» **Problem description**:
In the entries below, begin at the line that has "LES MALDIVES, T2, Balcon, Hyper", stop after the line that has "Cho cà rốt vào", and output those lines exactly with no pictures.

» **Input for this task**:
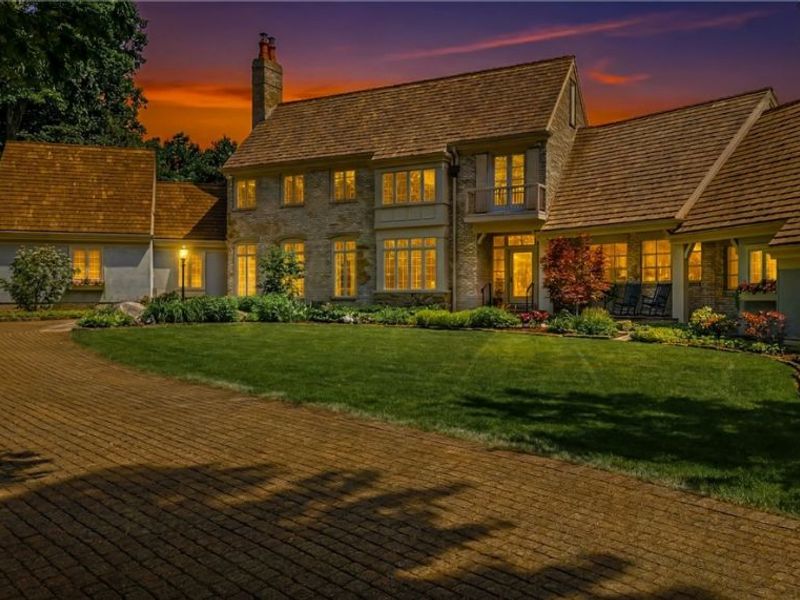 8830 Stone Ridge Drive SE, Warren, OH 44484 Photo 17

---

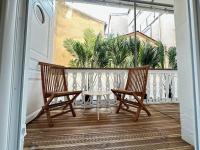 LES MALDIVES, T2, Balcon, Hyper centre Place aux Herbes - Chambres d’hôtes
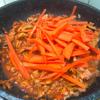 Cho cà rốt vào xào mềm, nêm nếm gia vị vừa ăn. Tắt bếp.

» **Answer**:
 LES MALDIVES, T2, Balcon, Hyper centre Place aux Herbes - Chambres d’hôtes
 Cho cà rốt vào xào mềm, nêm nếm gia vị vừa ăn. Tắt bếp.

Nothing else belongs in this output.